When the coin comes up heads, he does it again because you can always use a second opinion. When it's still heads, John's beginning to think that maybe the coin has a point; after all, he's been falling asleep to the memory of Rodney's ass around his cock.

The thing is, John's learned a long time ago that you have to stand by fate's decisions because otherwise he'd probably be stuck in the suburbs right now with a wife and kids and missing the rush of liftoff.

*

This is what you have to know about John Sheppard: John Sheppard is a really good guy, the best kind, the kind that'll die for his people, but he still knows how to crack a joke in dire circumstances when you really need it.

Rodney thinks he must know John pretty well because he's learned all that the first week, and what more do you really need to know about a guy?

*

Rodney would later on learn that John's favorite color is blue and that he can only throw back about three beers before he got affectionately drunk.

Also, John likes to hog the pillows at night, which was almost a deal breaker, but as John pointed out, no one in their right mind would throw away great sex for pillows.

*

When Sheppard came back from death by nuclear explosion that first time, Rodney was too busy falling in love with the ZPM to notice.

But later that night, getting drunk and watching something besides Sheppard's Hail Mary for a change, Rodney had a five-minute daydream in which he got down on his knees and sucked Sheppard off right in the middle of the media room.

He woke up horny and tired and thinking: oh my god oh my god coffee oh my god, where coffee equaled coffee.

*

This is what you have to know about Rodney McKay: Rodney McKay is a really good guy, the best kind, the kind that'll die for his people, but he'll be so busy complaining about it first that you'll almost forget to be grateful.

John's never been the forgetting type.

*

John spends five minutes outside Rodney's door, fidgeting with his hands, but eventually he figures that was just stupid and not fooling anyone.

He goes in without knocking because Atlantis' doors have always made knocking a bit silly and John is uncomfortable enough as it is.

Rodney says: Colonel?

John says: I think we should keep having sex.

He says: It's still a crazier universe.

He says: I didn't tell you this before, but I really liked it. The sex, I mean. And you said it wasn't the enzyme.

Rodney says: Colonel?

John says: What do you think?

*

Rodney was thinking: oh my god oh my god coffee oh my god, where coffee equals John Sheppard.

*



ETA: Now typo-controlled thanks to the lovely [livejournal.com profile] isiscolo.
ETA2: And with a faboulous cover by the fabulous [livejournal.com profile] wychwood!
Tags: ,
[identity profile] ladyagnew.livejournal.com on 2005-11-14 05:04 am (UTC)

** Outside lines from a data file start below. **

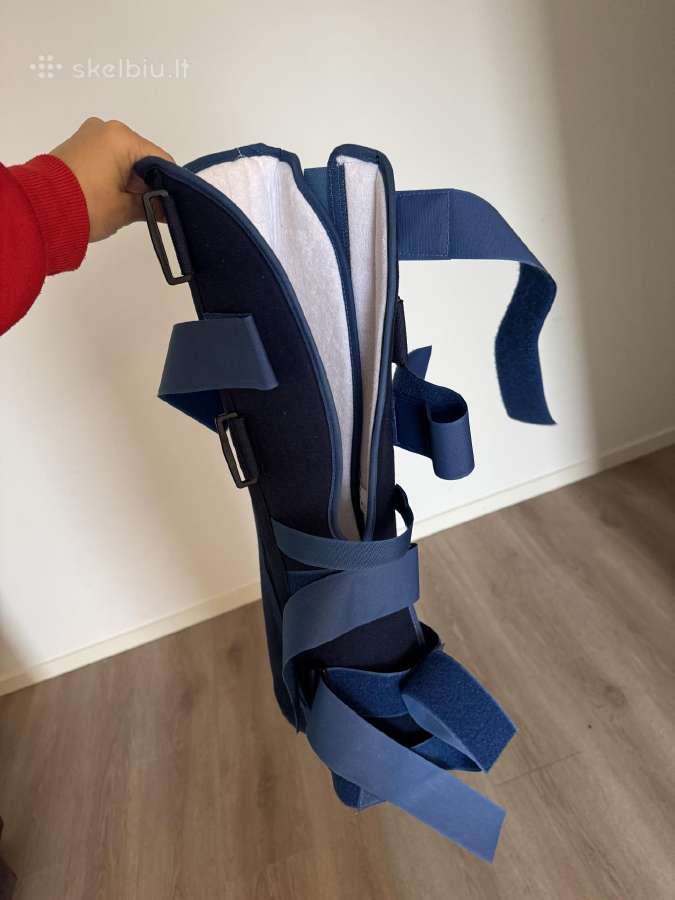 Kelio įtvaras Actimove Genu Tri-panel 60 cm, S - nuotraukos Nr. 2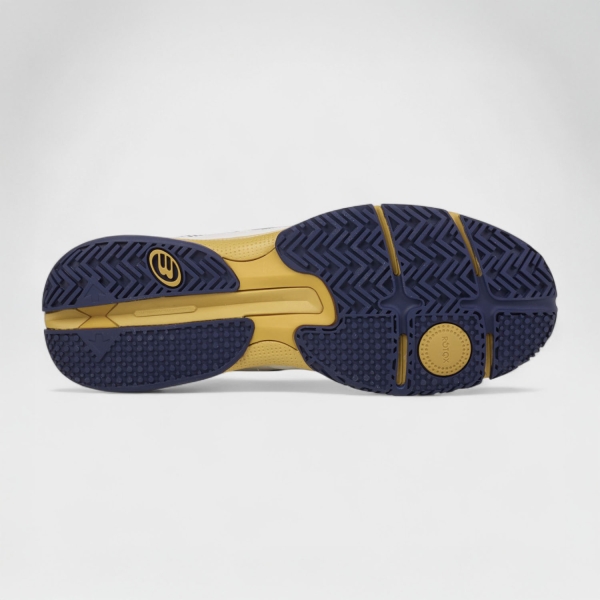 Bullpadel Hybrid Fly 25V - Naranja
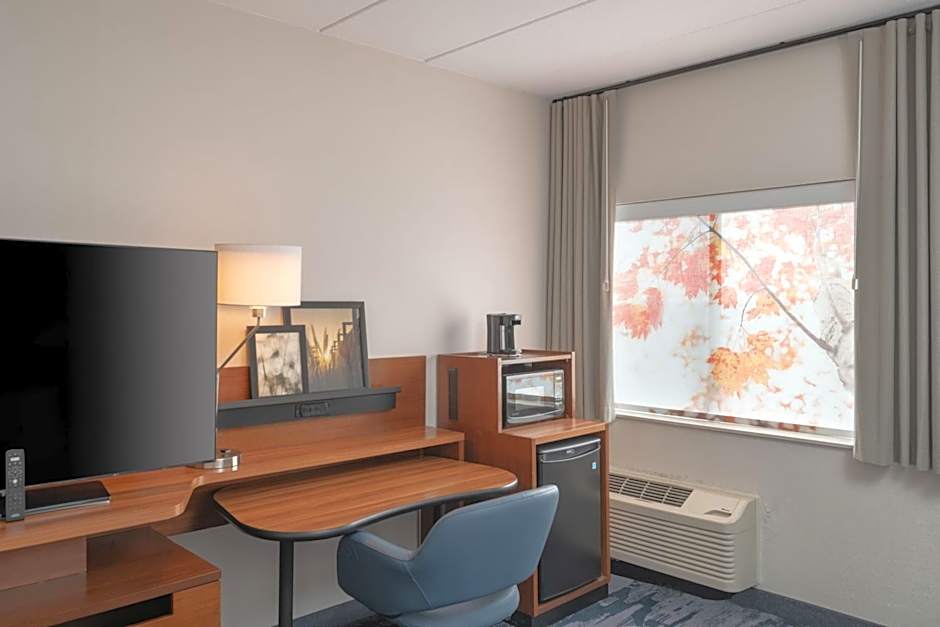 Fairfield Inn Boston Tewksbury/Andover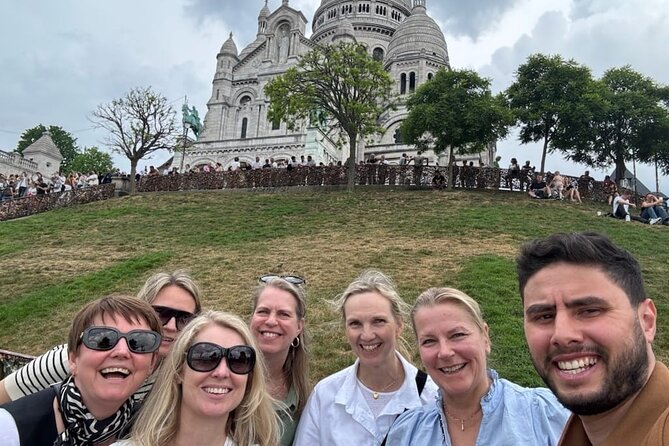 Private Tour of Paris in Tuktuk - Who this tour suits best, and who should rethink it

this is really great. the stylistic twistiness is fun and very smoothly written -- not to mention pushing my hot spot for prose that goes like a glissando -- but also chock full of character moments and observations. I have a thing against stylistic experiments empty of anything but style, but this has McKay and Shep there too. Lovely.
[identity profile] godofwine.livejournal.com on 2005-11-14 05:23 am (UTC)

Thank you, I'm glad you liked it!

I tend to be bad at plot, but I also get bored with just scene description, however articulate. So yeah, I'm right with you about empty style.
[identity profile] ladyagnew.livejournal.com on 2005-11-14 07:20 pm (UTC)

aw, I'd say the plot isn't in the details of what happened so much as in the progress of their relationship. which, yay! is nicely present in your story. It really is lovely.